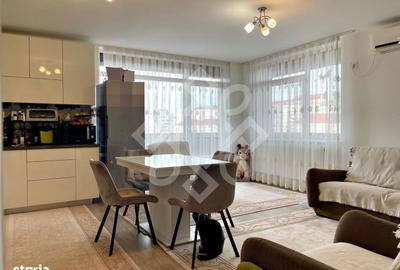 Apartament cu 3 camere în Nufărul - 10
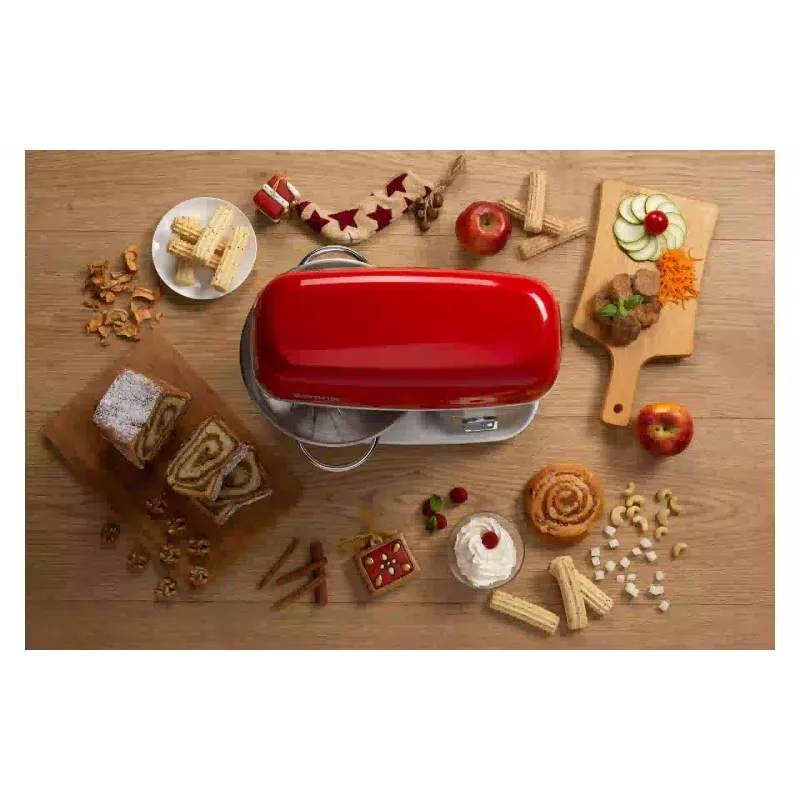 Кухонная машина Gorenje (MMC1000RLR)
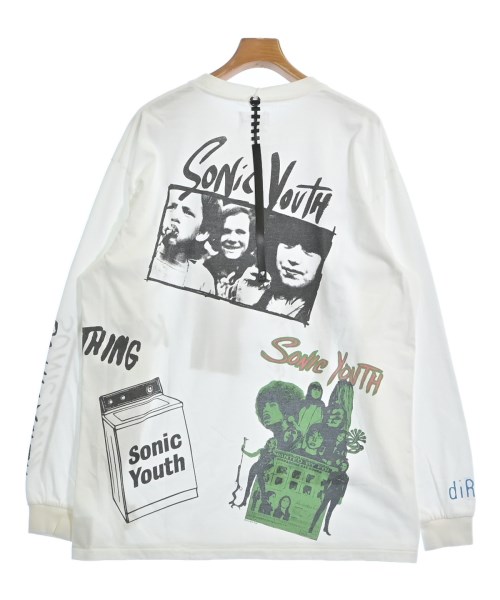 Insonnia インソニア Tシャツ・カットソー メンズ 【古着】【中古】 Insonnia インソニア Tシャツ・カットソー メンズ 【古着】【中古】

==

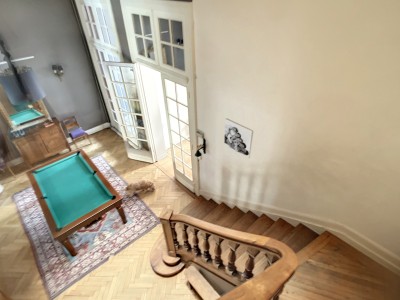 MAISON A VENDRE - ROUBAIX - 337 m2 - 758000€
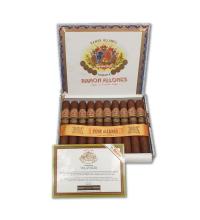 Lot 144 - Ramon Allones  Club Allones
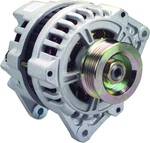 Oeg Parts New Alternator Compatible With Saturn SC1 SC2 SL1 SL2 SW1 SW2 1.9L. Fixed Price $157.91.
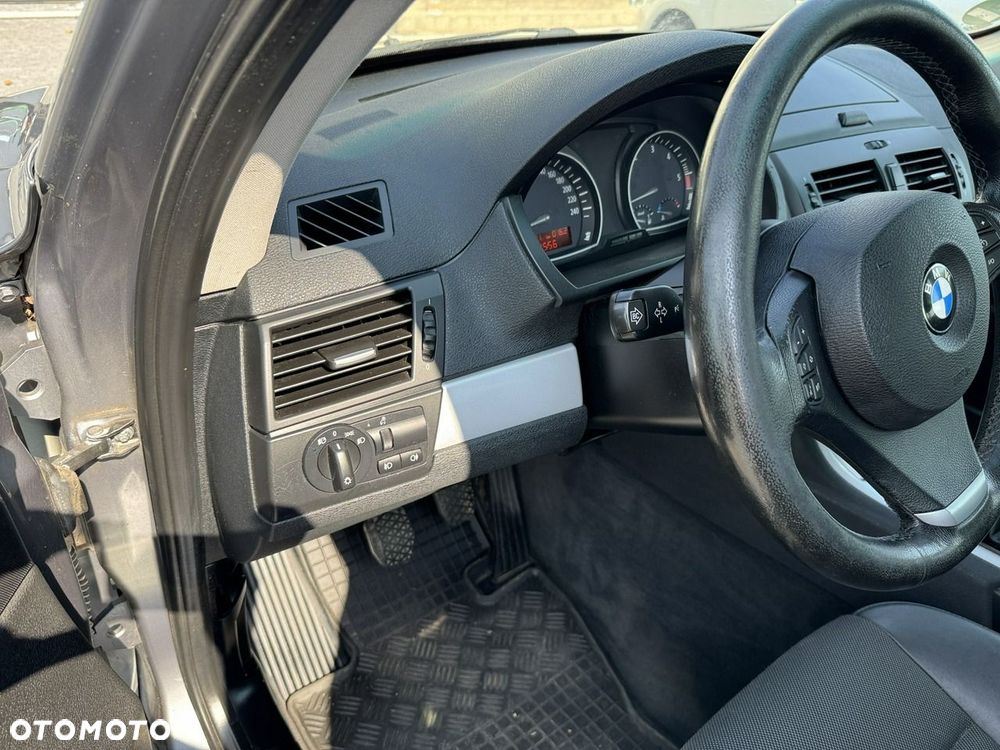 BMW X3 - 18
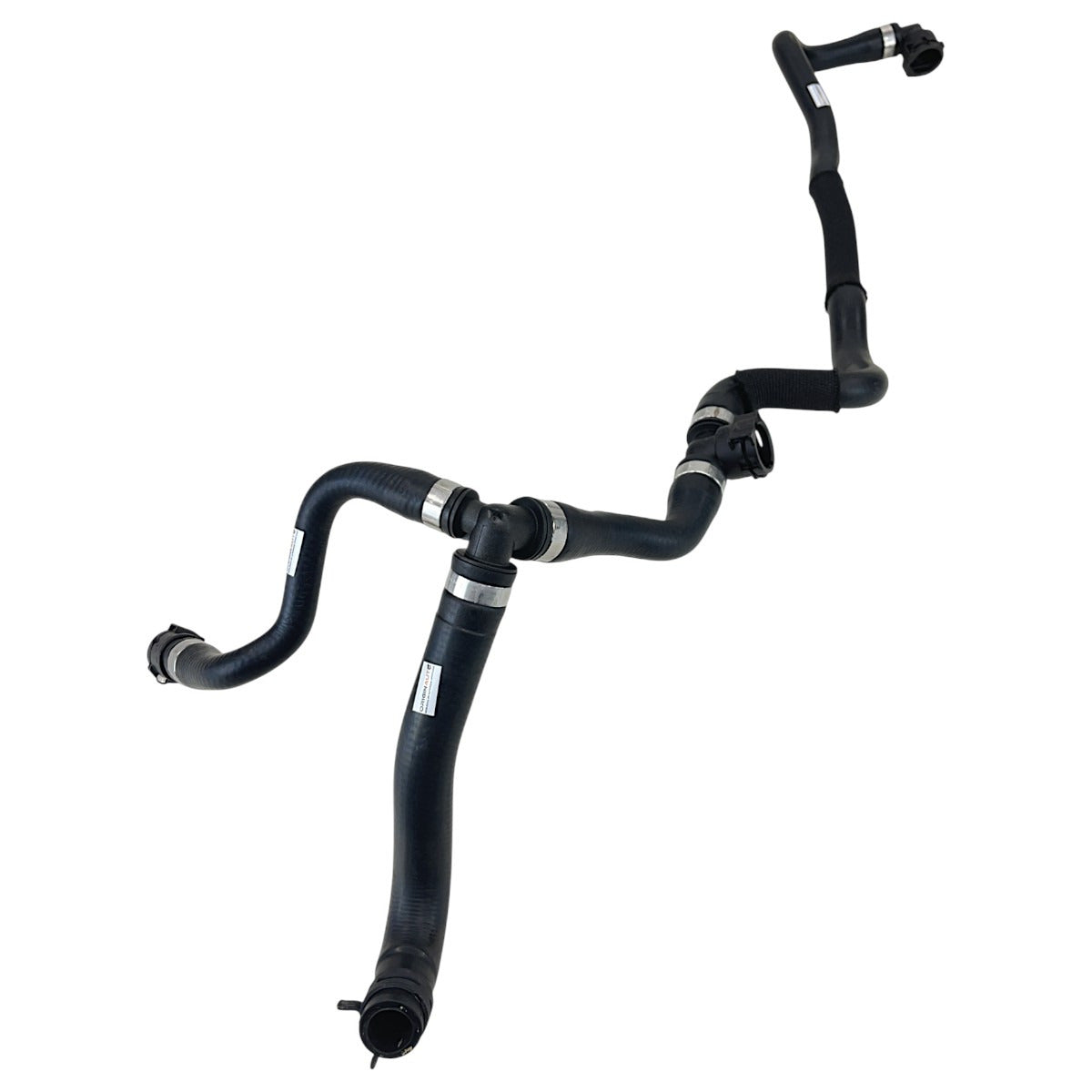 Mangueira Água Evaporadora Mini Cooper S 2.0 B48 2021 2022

--

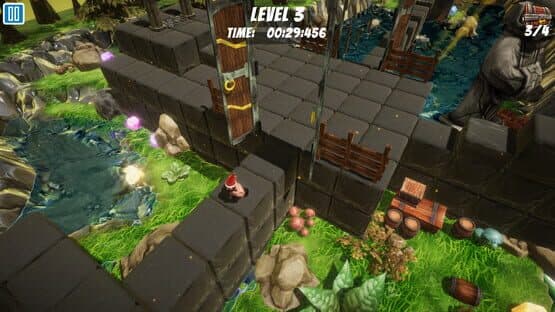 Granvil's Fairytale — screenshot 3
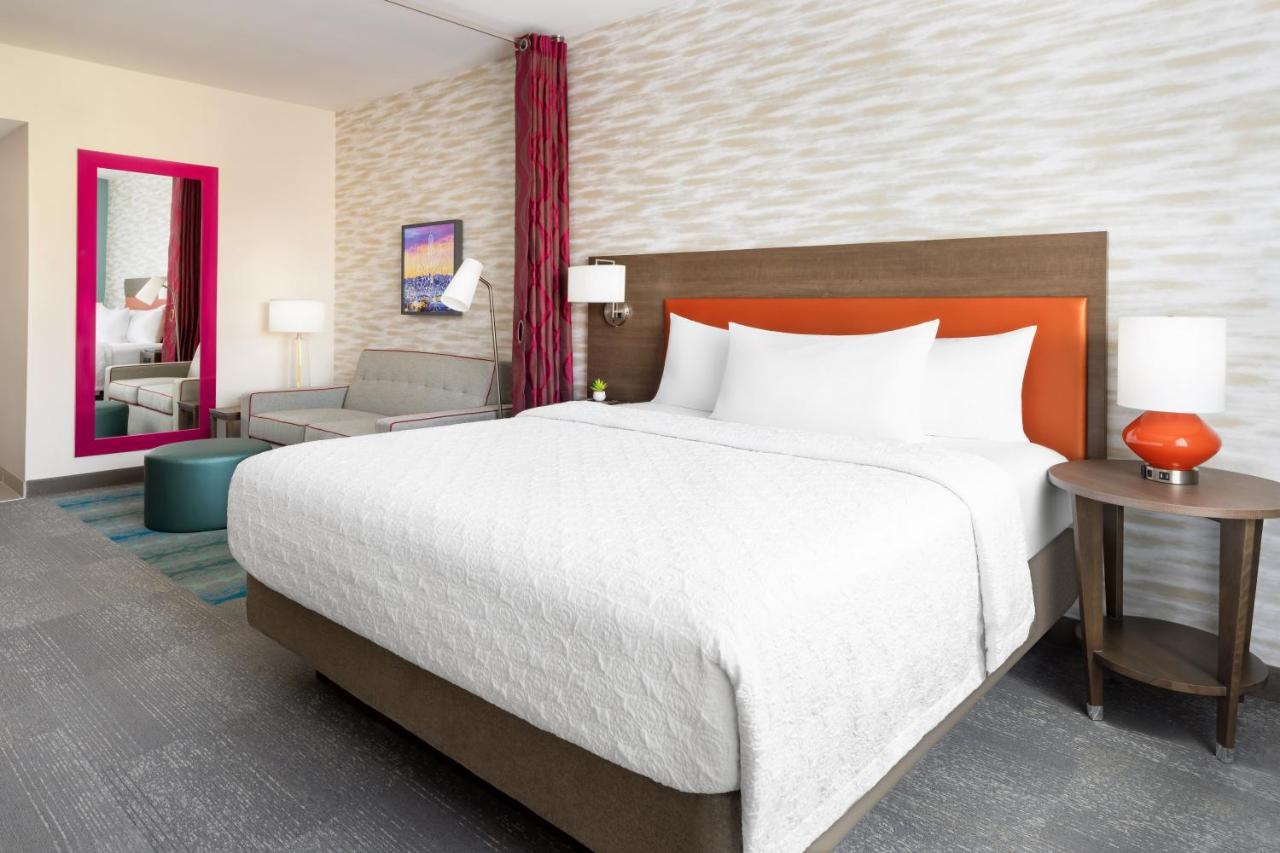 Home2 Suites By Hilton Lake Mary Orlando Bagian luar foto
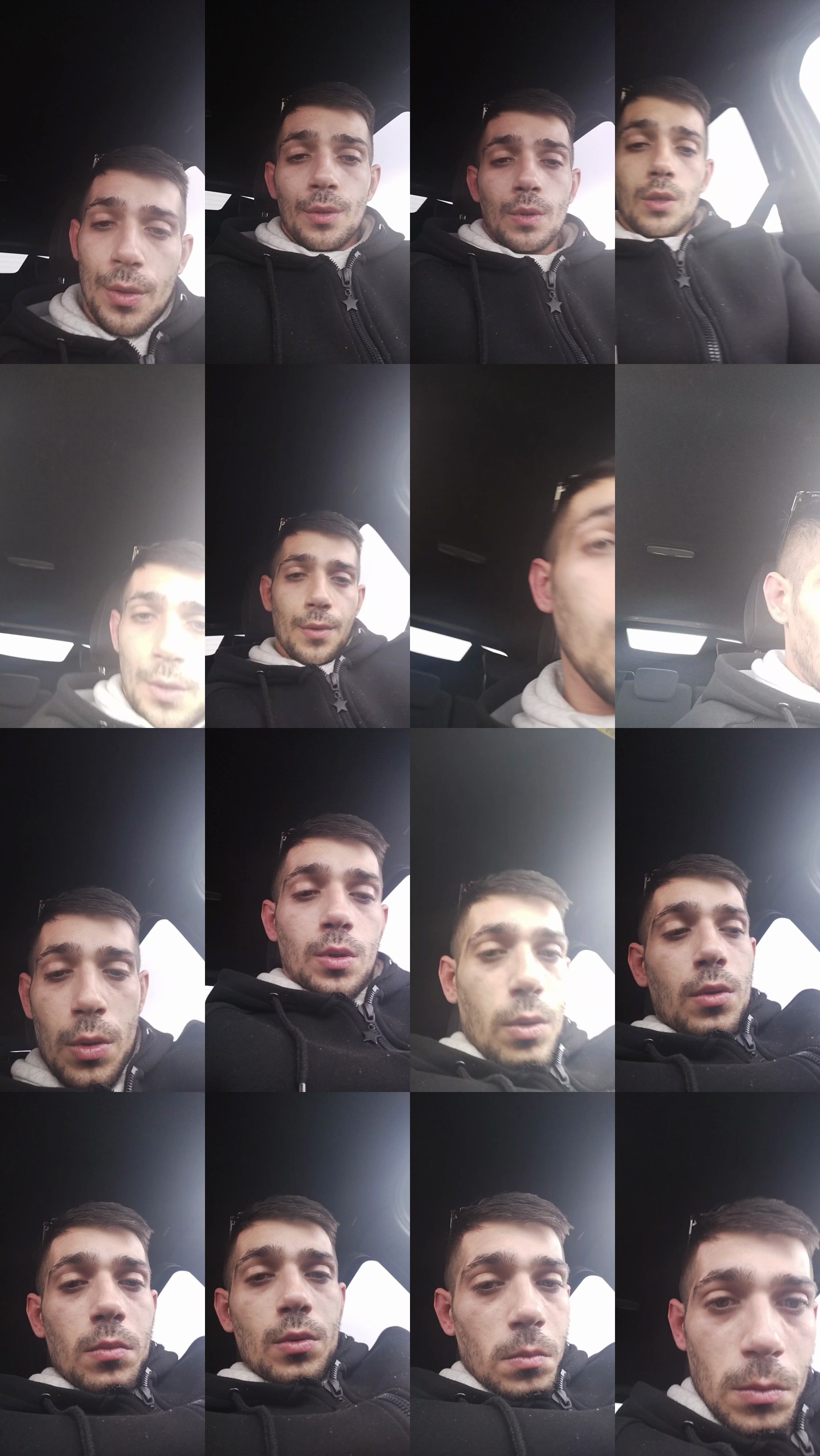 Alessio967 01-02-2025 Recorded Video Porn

* EXERCISE INSTRUCTIONS:
Would you copy the lines above exactly, starting with the one that has "Granvil's Fairytale — screenshot 3" and ending with the one that has "Alessio967 01-02-2025 Recorded Video Porn", both included, without the pictures?

* SOLUTION:
 Granvil's Fairytale — screenshot 3
 Home2 Suites By Hilton Lake Mary Orlando Bagian luar foto
 Alessio967 01-02-2025 Recorded Video Porn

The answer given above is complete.